BBC political editor Nick Robinson writes to argue that prime minister David Cameron’s statement on Radio 4 “in a sense we are all Thatcherites now” is not the offensively partisan political point many take it to be. Oh yes it is.
Margaret Thatcher did not forge a new political consensus. The crisis of European social democracy was acknowledged before Thatcher won her first election victory, and by then the seeds of the social market economy had already been planted. In Britain the problem was that the water supply had been cut off owing to nonpayment of utility bills. Political inertia is what did for 1970s Old Labour, and the ideologically resurgent Tories capitalised on the crisis.
These post-modern, post-industrial conservatives proceeded to fritter away billions in North Sea oil revenues, and increased the power of the state over civil society. All this with Enlightenment hero Adam Smith spinning noisily in his Edinburgh grave.
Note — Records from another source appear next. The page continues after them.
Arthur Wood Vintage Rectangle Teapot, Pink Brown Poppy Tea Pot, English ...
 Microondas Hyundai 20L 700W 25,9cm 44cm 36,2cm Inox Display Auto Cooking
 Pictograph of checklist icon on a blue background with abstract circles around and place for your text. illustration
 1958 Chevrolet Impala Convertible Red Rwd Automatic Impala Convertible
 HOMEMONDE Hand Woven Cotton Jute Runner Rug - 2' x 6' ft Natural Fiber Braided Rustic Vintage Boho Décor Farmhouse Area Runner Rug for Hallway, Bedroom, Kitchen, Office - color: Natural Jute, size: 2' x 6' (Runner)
Consensus politics was anathema to Thatcher, and Robinson’s comparison with Labour’s Clement Attlee and his postwar welfare democracy is entirely fatuous. Margaret Thatcher was an intellectual and political pygmy in comparison with Clement Attlee, whose estate was valued at a mere £7,295, and whose funeral in 1967 was a humble affair, quite unlike the £10m notastatefuneral which took place earlier today in London, and was planned by the dead ’un herself.
Margaret Thatcher’s son Mark has made an estimated £60m from arms dealing and other business activities, and he even managed to secure a criminal conviction for coup plotting. Heir of Thatcher made full use of his mother’s political position, and yet, quipped sister Carol, he has never done a day’s work in his life. Welcome to UK plc 2013; we are all in it together.
This is Margaret Thatcher’s true legacy, and the woman herself is now no more than a box of ashes. The legacy of Clement Attlee will surely live longer.